Конрад Буссов, живший в Калуге, вполне достоверно описал приезд туда переодетой в мужское платье «царицы»: «В Калуге перед воротами она сказала страже, что она доверенный коморник Димитрия со спешным и очень важным к нему донесением, о котором никто, кроме него самого, не должен знать. Царь сразу сообразил, в чем дело, приказал казакам хорошенько охранять ворота, а коморника впустить. Тот сейчас же поехал к кремлю, к царскому крыльцу, спрыгнул там с коня, предстал пред очи своего государя и тем доставил ему большую радость. А так как привезенная царицей из Польши женская свита уехала… назад в Польшу, то она взяла себе новую свиту из немецких девушек, родители которых жили в этих местах. Гофмейстериной над ними назначила тоже немку и все время очень благожелательно и благосклонно относилась к немцам» [344].
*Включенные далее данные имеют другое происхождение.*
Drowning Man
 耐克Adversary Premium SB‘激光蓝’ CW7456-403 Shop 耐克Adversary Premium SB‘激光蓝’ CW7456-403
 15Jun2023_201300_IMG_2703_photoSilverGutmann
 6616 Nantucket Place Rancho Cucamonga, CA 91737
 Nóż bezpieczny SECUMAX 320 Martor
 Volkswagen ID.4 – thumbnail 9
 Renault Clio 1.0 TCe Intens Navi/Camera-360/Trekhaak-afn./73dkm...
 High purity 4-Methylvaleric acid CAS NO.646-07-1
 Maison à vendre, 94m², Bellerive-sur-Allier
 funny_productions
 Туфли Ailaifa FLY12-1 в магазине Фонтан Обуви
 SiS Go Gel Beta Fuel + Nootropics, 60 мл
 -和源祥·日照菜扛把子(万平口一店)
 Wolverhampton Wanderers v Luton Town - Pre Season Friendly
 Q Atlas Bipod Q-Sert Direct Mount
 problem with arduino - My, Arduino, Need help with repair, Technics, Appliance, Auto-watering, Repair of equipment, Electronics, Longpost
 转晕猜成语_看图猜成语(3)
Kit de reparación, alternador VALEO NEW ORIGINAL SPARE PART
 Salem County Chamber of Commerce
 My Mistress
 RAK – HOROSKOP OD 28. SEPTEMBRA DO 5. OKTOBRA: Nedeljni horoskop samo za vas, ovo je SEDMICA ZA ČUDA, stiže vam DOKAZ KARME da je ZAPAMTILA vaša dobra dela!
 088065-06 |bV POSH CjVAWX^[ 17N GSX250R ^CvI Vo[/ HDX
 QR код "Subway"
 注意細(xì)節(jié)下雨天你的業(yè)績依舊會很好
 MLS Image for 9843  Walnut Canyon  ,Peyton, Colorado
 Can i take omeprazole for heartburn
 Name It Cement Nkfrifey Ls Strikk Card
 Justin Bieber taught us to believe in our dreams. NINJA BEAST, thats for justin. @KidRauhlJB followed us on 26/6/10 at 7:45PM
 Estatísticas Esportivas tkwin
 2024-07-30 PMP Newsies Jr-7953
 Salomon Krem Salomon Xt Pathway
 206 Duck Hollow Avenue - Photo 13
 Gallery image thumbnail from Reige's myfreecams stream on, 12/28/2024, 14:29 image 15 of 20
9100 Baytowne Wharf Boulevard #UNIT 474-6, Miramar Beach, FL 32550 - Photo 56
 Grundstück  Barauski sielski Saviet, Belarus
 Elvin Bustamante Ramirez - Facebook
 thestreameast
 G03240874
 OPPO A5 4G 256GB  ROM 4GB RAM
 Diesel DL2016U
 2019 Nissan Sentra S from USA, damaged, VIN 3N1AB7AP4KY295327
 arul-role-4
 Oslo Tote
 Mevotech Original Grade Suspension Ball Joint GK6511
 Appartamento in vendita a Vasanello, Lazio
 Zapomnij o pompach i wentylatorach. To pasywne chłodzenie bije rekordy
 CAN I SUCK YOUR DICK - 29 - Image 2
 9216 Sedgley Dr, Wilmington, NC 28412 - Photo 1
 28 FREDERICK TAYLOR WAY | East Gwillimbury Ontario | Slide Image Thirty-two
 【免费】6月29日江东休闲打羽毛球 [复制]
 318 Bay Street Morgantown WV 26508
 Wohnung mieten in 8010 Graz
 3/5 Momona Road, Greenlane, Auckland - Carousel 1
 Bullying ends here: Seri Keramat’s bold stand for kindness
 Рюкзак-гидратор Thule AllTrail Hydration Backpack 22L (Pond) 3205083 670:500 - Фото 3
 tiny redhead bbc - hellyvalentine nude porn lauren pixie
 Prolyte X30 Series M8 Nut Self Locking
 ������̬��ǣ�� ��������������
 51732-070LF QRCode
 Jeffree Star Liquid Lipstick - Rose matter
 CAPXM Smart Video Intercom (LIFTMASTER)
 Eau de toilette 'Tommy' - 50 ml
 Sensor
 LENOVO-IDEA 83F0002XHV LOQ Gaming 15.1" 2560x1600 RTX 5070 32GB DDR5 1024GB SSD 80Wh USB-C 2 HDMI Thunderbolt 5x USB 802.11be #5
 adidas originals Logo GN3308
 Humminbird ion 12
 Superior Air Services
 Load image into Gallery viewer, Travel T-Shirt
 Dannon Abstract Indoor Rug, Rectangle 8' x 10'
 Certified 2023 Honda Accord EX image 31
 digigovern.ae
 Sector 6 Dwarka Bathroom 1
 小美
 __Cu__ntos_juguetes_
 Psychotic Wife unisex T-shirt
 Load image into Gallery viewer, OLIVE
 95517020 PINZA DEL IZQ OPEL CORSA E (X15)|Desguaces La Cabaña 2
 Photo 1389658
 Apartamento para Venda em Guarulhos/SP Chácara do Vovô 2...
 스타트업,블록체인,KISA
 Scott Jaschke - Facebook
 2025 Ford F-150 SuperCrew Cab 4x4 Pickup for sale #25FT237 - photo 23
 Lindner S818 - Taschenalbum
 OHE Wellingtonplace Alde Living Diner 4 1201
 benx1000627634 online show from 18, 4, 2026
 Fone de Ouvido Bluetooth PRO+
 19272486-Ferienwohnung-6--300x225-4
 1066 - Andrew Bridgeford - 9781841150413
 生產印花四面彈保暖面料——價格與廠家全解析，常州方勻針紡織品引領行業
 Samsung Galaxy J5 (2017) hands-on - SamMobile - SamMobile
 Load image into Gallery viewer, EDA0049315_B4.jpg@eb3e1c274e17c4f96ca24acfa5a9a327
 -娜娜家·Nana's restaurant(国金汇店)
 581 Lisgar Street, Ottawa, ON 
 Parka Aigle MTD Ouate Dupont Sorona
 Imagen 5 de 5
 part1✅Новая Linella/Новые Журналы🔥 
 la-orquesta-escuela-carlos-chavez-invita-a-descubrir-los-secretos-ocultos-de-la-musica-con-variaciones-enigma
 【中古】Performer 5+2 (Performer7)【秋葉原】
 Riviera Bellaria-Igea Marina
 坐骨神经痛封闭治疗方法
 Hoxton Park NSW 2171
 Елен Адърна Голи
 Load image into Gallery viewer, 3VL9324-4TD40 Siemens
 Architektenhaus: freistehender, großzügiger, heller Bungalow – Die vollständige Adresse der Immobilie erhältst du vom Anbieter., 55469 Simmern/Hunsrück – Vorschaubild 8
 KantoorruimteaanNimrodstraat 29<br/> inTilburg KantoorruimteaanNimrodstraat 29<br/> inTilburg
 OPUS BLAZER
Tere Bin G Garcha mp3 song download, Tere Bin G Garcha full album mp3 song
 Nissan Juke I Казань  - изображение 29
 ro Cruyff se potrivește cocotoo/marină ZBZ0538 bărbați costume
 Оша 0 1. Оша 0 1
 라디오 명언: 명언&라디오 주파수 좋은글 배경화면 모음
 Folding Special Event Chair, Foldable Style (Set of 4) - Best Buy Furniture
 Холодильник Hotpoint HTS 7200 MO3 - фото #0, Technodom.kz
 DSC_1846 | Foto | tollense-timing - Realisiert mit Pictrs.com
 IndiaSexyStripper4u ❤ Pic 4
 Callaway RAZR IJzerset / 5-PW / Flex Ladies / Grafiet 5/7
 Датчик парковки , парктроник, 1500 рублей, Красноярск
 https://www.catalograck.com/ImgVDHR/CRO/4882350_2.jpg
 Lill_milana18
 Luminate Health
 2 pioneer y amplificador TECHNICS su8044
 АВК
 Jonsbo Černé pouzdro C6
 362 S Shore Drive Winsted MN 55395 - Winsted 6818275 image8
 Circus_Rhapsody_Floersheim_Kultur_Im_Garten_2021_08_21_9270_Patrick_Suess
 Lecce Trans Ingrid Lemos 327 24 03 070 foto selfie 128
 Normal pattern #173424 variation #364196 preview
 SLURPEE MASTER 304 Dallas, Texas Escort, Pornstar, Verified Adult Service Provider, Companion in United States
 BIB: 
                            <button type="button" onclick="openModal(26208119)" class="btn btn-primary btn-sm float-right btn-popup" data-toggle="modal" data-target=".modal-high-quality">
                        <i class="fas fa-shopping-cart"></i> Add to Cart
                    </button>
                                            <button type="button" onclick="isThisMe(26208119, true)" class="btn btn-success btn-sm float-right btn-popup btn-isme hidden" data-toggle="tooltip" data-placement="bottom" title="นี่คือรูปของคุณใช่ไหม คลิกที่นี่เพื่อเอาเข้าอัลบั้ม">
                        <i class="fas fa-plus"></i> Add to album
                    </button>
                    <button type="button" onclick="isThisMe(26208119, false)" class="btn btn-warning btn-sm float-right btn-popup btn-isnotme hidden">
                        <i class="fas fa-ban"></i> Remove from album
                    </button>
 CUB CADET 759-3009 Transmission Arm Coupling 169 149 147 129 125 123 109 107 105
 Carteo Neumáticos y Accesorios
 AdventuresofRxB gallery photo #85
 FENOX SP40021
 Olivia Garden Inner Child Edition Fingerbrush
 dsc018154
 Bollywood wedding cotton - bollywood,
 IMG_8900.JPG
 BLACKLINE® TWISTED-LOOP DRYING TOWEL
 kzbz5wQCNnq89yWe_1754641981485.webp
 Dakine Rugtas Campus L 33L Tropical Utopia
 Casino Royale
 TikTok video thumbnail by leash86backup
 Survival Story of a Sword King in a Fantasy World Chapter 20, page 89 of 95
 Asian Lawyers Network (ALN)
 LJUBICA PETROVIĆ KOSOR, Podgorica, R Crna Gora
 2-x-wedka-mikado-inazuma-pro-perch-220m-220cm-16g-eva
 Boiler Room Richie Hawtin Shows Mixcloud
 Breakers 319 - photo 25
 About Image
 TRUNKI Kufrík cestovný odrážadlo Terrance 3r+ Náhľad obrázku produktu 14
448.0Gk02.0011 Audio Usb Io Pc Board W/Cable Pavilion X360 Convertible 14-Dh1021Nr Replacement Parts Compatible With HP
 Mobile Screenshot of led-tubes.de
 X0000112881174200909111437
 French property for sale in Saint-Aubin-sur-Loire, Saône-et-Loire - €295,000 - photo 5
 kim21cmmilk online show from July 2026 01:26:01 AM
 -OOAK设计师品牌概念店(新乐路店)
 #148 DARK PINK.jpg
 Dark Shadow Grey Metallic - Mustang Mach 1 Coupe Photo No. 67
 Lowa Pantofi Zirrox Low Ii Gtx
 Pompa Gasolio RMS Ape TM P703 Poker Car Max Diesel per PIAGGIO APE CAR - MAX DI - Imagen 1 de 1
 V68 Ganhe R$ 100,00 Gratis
Стоит обратить внимание на странное слово «побраталась», которое употребили секретари, ведшие дневник королевского похода под Смоленск: «царица», по их словам, «тайно побраталась» с калужским «обманщиком» (именно так в подлиннике: «pobratala»). Переводчик дневника привел рядом со словом «побраталась» еще один вариант в скобках – «обвенчалась». Но об этом ли шла речь? Саноцкий староста Станислав Мнишек, добравшийся до королевского обоза 10 (20) марта, сообщал, что «только в Осипове (Иосифо-Волоколамском монастыре. – В. К.) узнал от своей сестры, когда она выезжала в Калугу, что «она повенчалась с тем франтом, который присвоил себе имя Димитрия» [345]. При передаче его слов королевские секретари использовали слово slub – «венчание», то же самое, которым была обозначена свадьба Марины Мнишек с царем Дмитрием Ивановичем через уполномоченного посла Афанасия Власьева в Кракове в ноябре 1605 года.
Но почему Марина Мнишек доверила свою тайну брату только теперь, когда их пути решительно расходились? Не для того ли, чтобы подтвердить правоту своего решения об уходе в Калугу, а не к королю? Еще более странно, что живший рядом с сестрой в Тушине Станислав Мнишек, как и все «рыцарство», ничего не знал о их венчании. Что могла называть Марина Мнишек словом «братание» в своих отношениях с «царем Дмитрием»? Может быть, определенные условия ее пребывания в Тушинском лагере, обсуждавшиеся перед тем, как она согласилась приехать в обозы «царя Дмитрия»? Или те условия, на которых она согласилась приехать в Калугу?